◆ **What you need to do**: Word for word, please copy the listing below, with its pictures left out.
BEGIN Supplied material
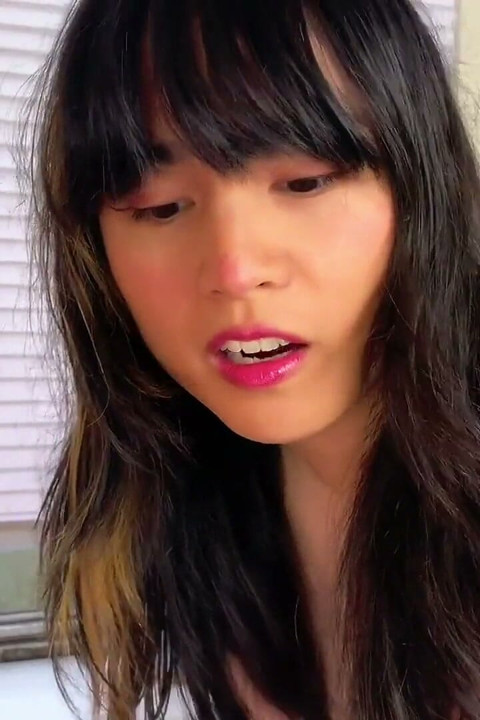 Stepsister's Secret Sauce: Food Femdom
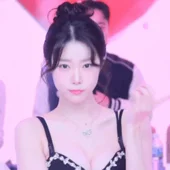 아이콘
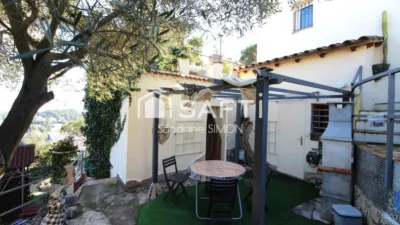 Single-family home in Roca Grossa-Serra Brava photo 20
END Supplied material
◆ **Reply**:
 Stepsister's Secret Sauce: Food Femdom
 아이콘
 Single-family home in Roca Grossa-Serra Brava photo 20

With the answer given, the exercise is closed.